Is there a finite or at least recursive axiomatization for the theory of the rational ordered field? Consider the structure $(\mathbb{Q},+,-,*,0,1,<)$ What is an axiomatization for the complete theory of that structure? Is there a finite or at worst recursive axiomatization for the complete theory of that structure?
 A: Perhaps surprisingly, $\mathbb{Z}$ is first-order definable in the ring of rationals! So the latter's theory is exactly as complicated as the former's (interpreting $\mathbb{Q}$ in $\mathbb{Z}$ is an easy exercise), hence not recursively axiomatizable.
The definition of $\mathbb{Z}$ in $\mathbb{Q}$ is however quite complicated; it is open whether the Diophantine theory of $\mathbb{Q}$ is decidable ("Hilbert's $10$th problem for $\mathbb{Q}$").
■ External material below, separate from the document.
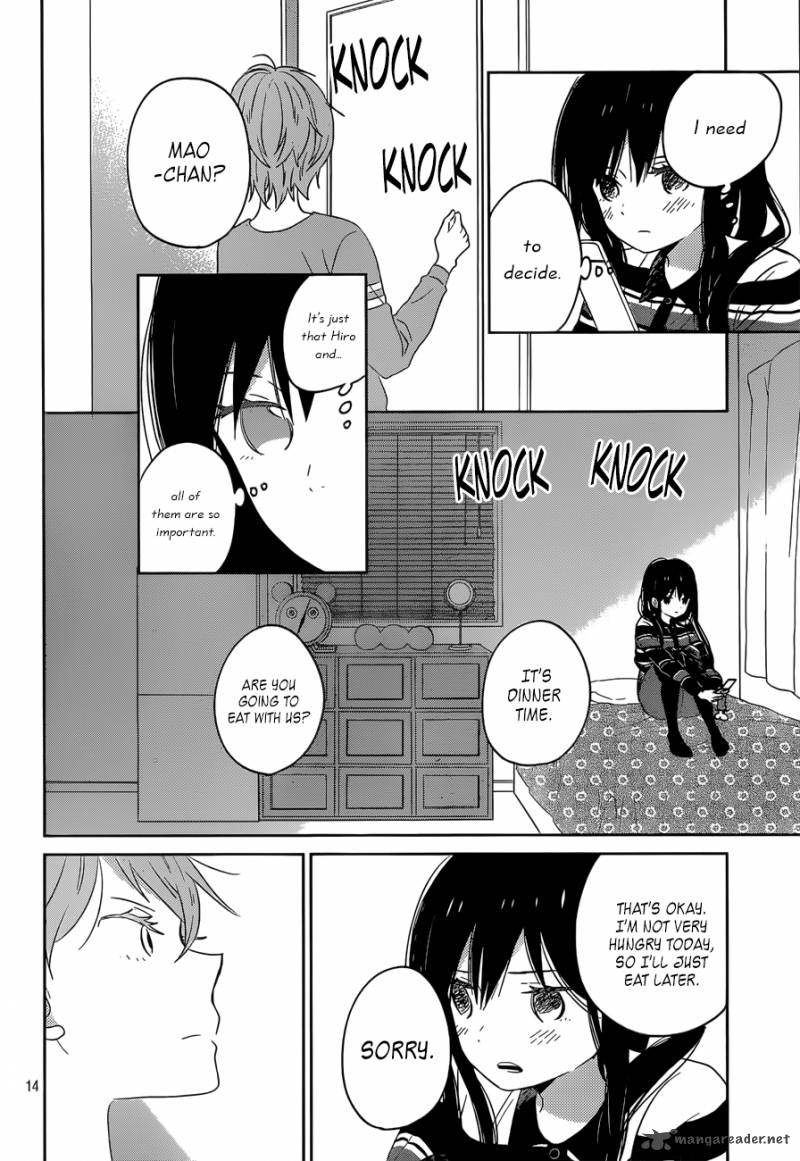 Taiyou No Ie Chapter 46 Page 14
See this survey of Poonen for general aspects of Diophantine complexity.

That said, we can give a snappy axiomatization of $\mathbb{Q}$ relative to $Th(\mathbb{Z})$.
Let $\zeta(x)$ be a formula defining $\mathbb{Z}$ in $\mathbb{Q}$. Then $Th(\mathbb{Q})$ is axiomatized by:

*

*$Th(\mathbb{Z})^\zeta$, the relativization of each sentence in $Th(\mathbb{Z})$ to $\zeta$.


*The usual ordered field axioms.


*The "generation" axiom that every $x$ is of the form $y\over z$ for some $y,z\in\mathbb{Z}$.
It's not actually quite trivial that the conjunction $T$ of the above sentences axiomatizes $Th(\mathbb{Q})$; while given $M,N\models T$ we have $\zeta^M\equiv\zeta^N$, we still need to check that we don't get any first-order differences when we look beyond their "$\zeta$-parts." In general, two structures "generated" in the same way by elementarily equivalent substructures will themselves be elementarily equivalent; this can be proved by EF-games.